-- GIVEN ENTRIES follows --

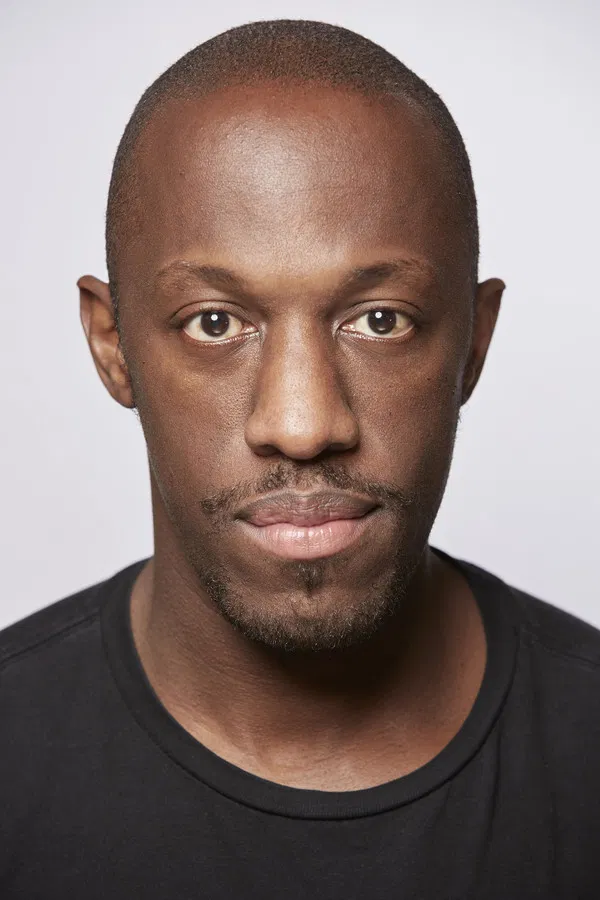 Giles  Terera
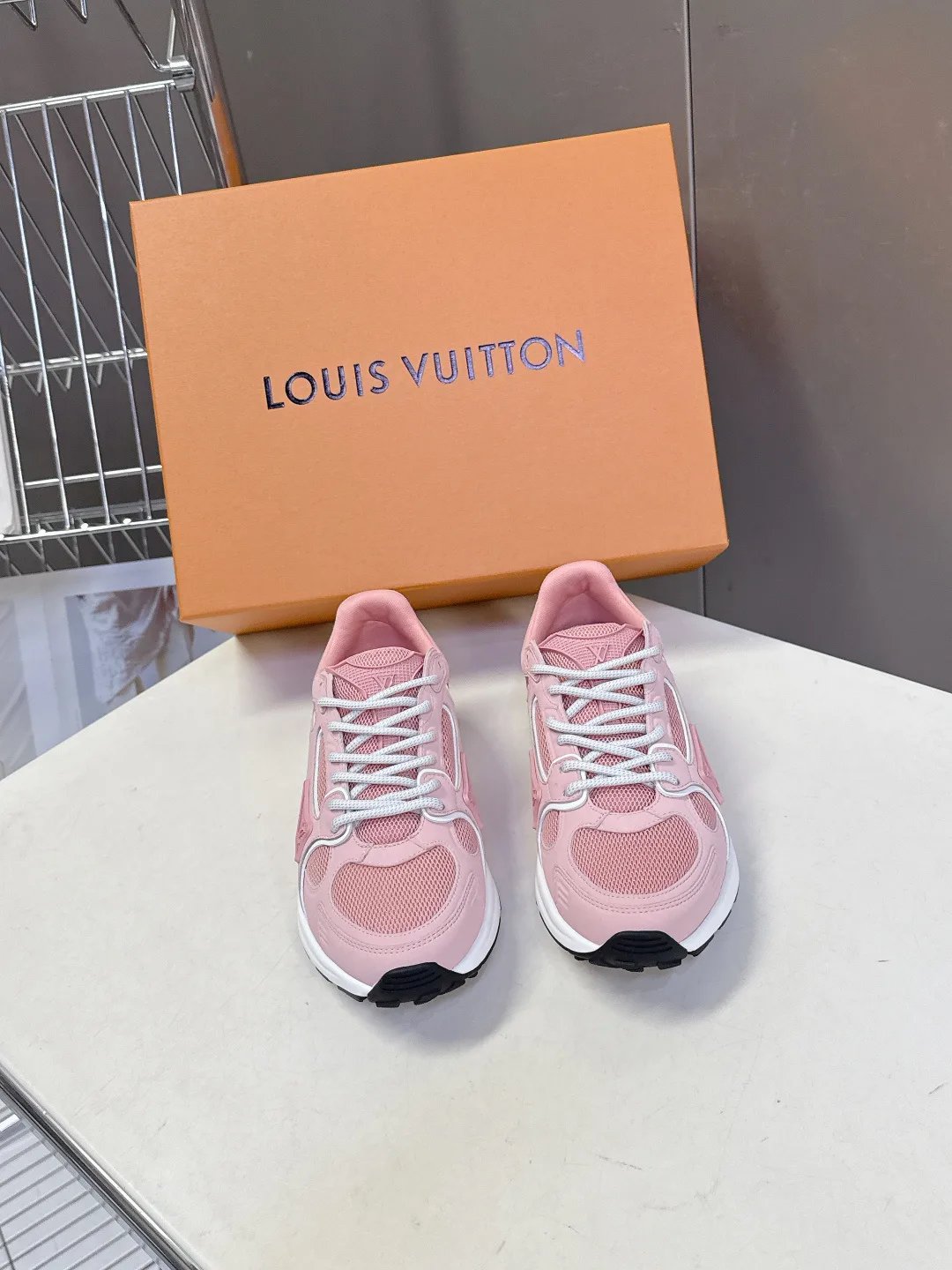 Кроссовки Женские Louis Vuitton 11152706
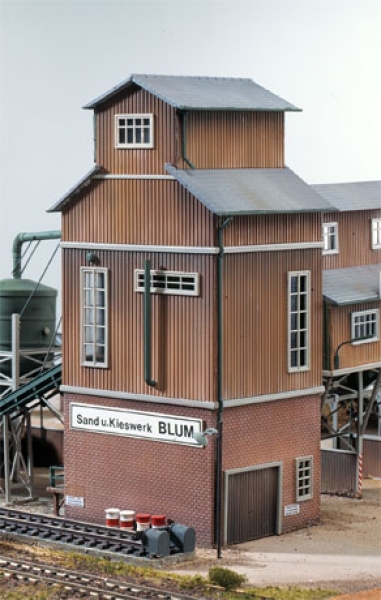 H0 Industriegebäude Sortierturm, Sandwerk E.Blum, etc.............................................................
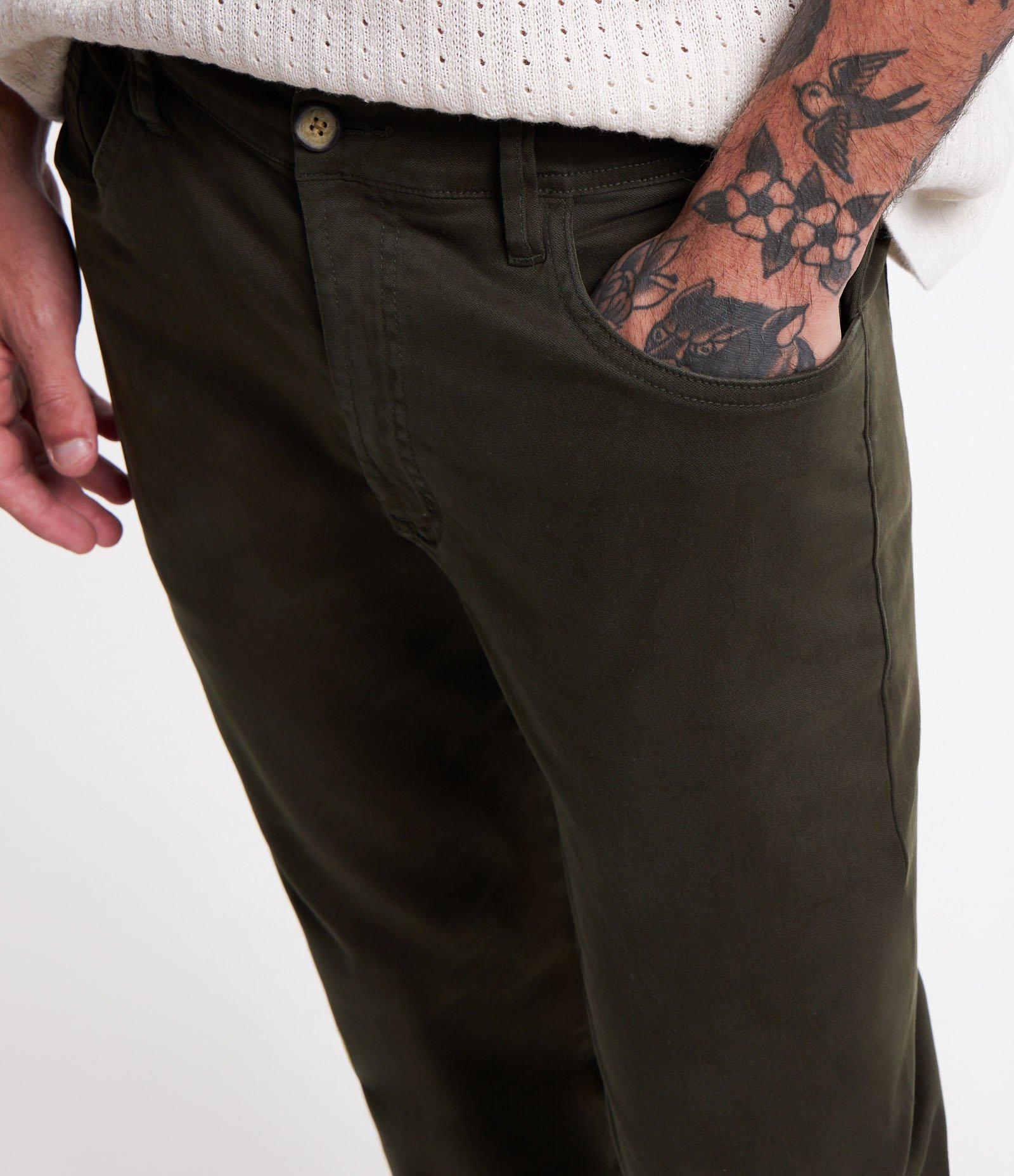 Calça Slim em Sarja com Elastano e Cós Elástico Verde Musgo 4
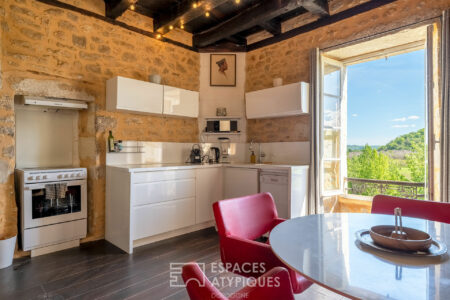 Immobilier Vezac 24 Maison de village à Vézac photographiée par Jean-Luc Renouil photographe immobilier et pilote de drone en Dordogne.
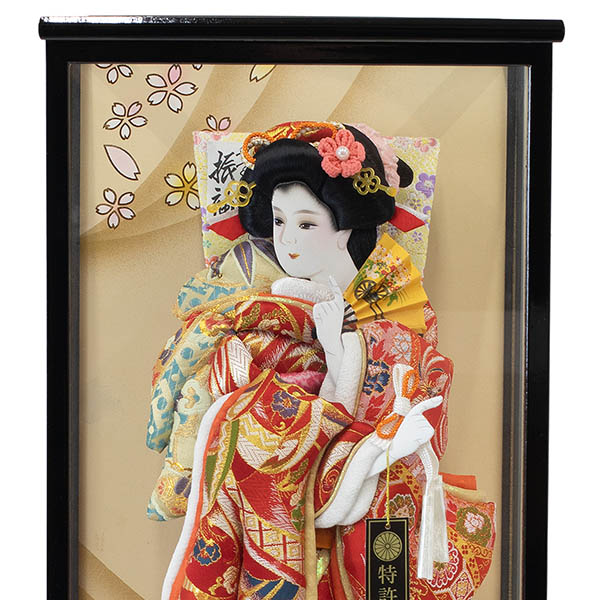 羽子板 吉徳 立体振袖 本押絵 黒塗り ガラスケース飾り(B-21) 詳細画像 吉徳 羽子板 立体振袖 本押絵 黒塗り ガラスケース飾り(B-21) 詳細画像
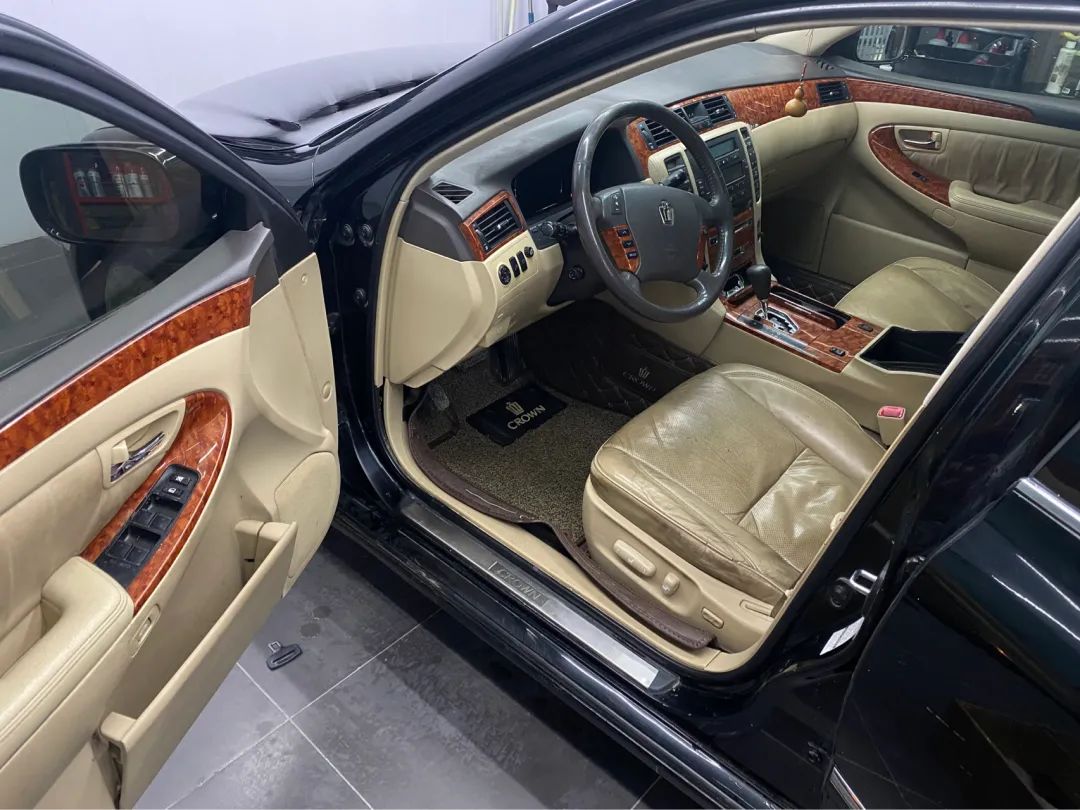 老爷子12代皇冠,12代丰田皇冠翻新改造全过程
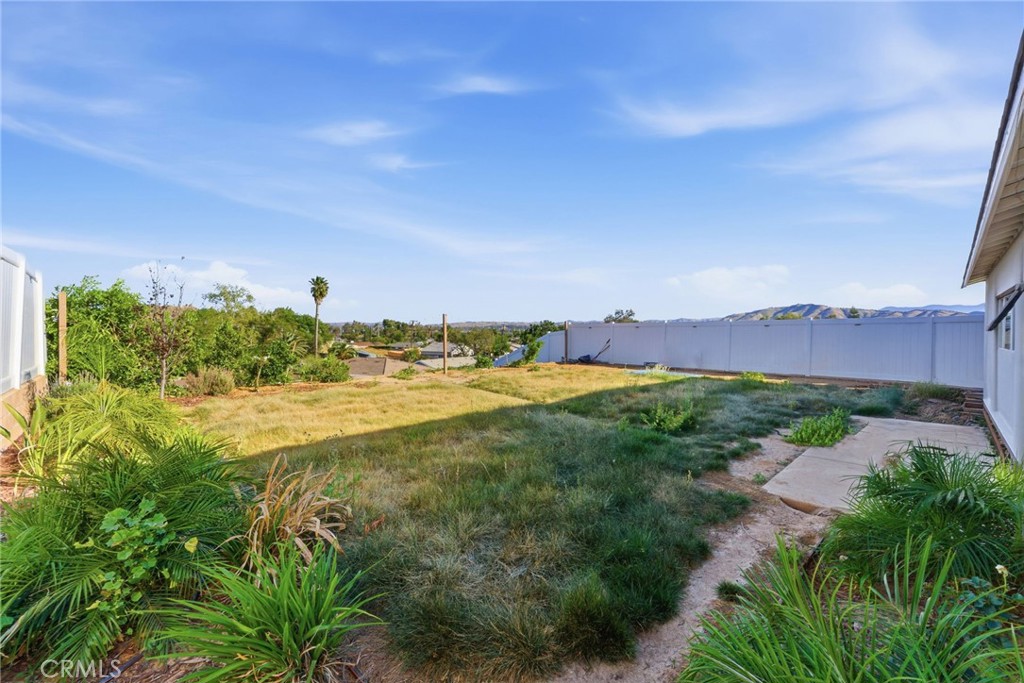 10710 Brookfield Drive Riverside, CA 92505 - Photo 24 of 32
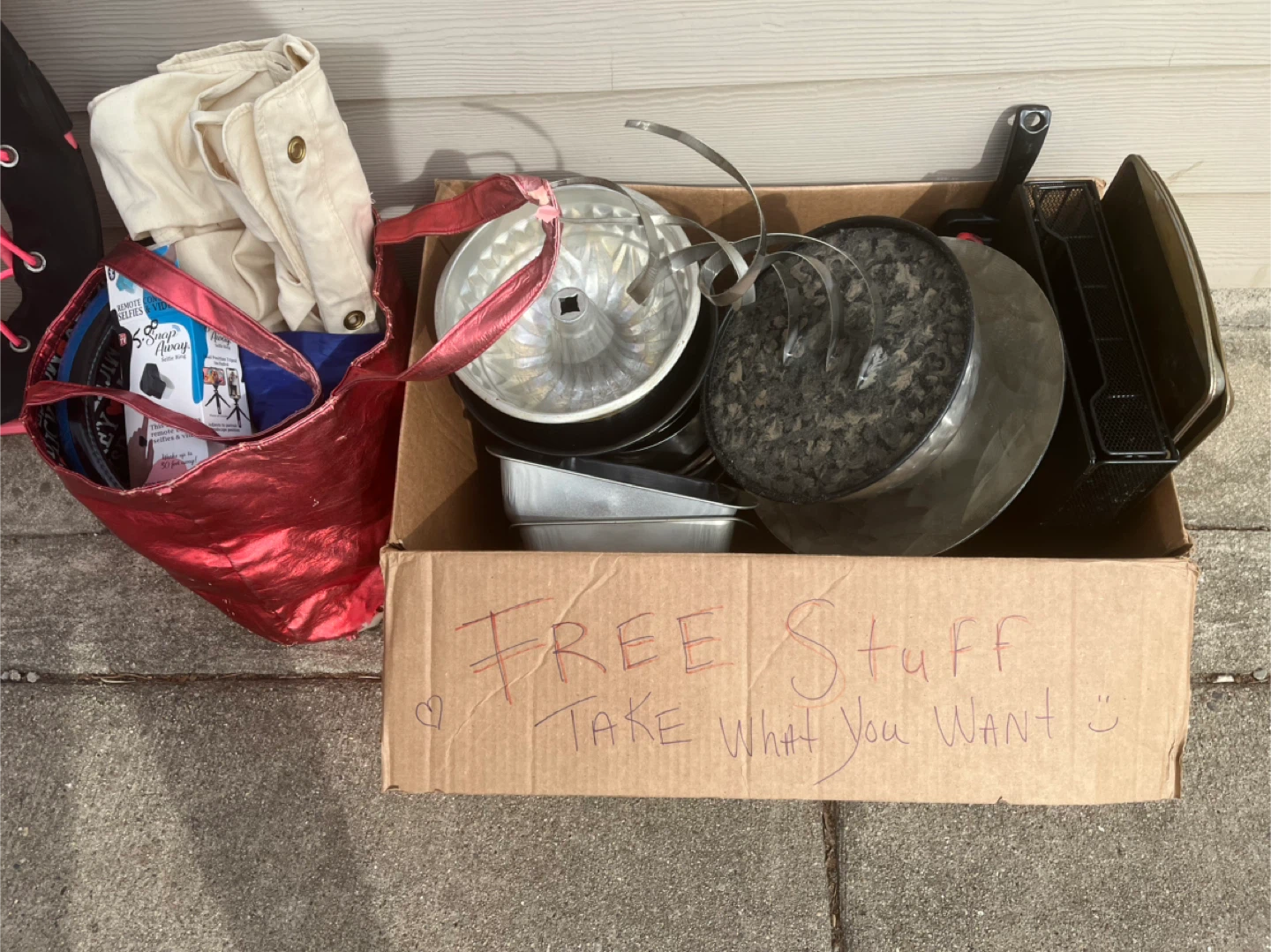 Free‼️Assorted Random Things - photo 2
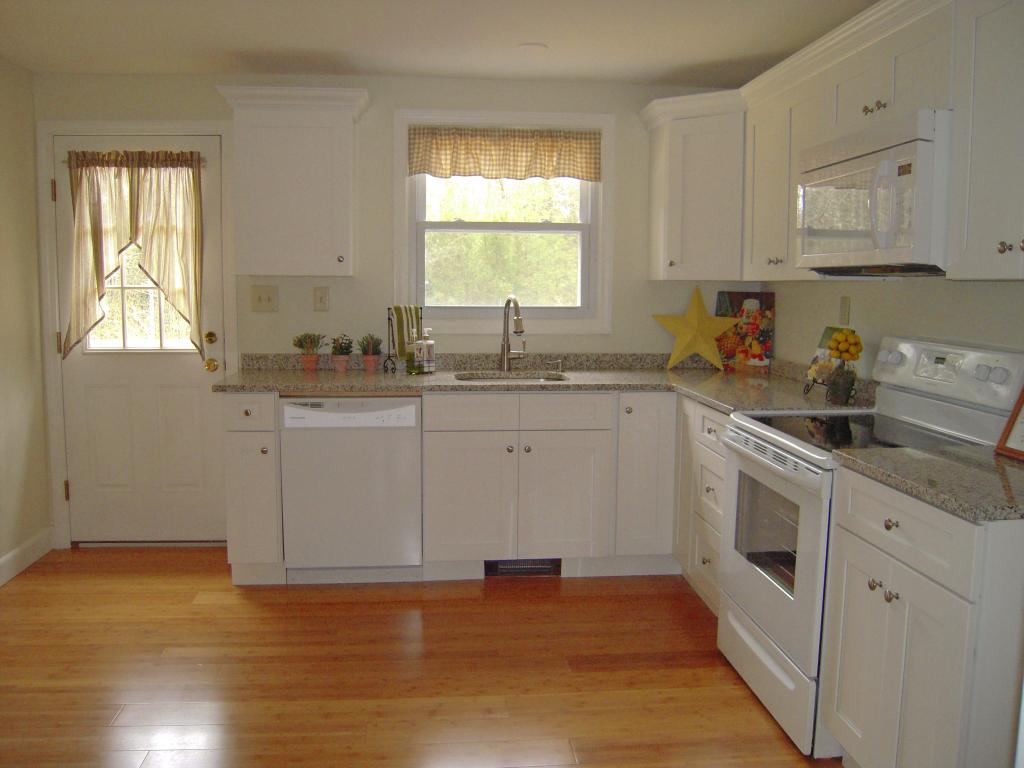 137 East Penacook Road Hopkinton, NH 03229 - Photo 9 of 25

-- GIVEN ENTRIES concluded --

ACTION ITEM: Output the entries above verbatim. Omit the images.

RESPONSE TO THE TASK:
 Giles  Terera
 Кроссовки Женские Louis Vuitton 11152706
 H0 Industriegebäude Sortierturm, Sandwerk E.Blum, etc.............................................................
 Calça Slim em Sarja com Elastano e Cós Elástico Verde Musgo 4
 Immobilier Vezac 24 Maison de village à Vézac photographiée par Jean-Luc Renouil photographe immobilier et pilote de drone en Dordogne.
 羽子板 吉徳 立体振袖 本押絵 黒塗り ガラスケース飾り(B-21) 詳細画像 吉徳 羽子板 立体振袖 本押絵 黒塗り ガラスケース飾り(B-21) 詳細画像
 老爷子12代皇冠,12代丰田皇冠翻新改造全过程
 10710 Brookfield Drive Riverside, CA 92505 - Photo 24 of 32
 Free‼️Assorted Random Things - photo 2
 137 East Penacook Road Hopkinton, NH 03229 - Photo 9 of 25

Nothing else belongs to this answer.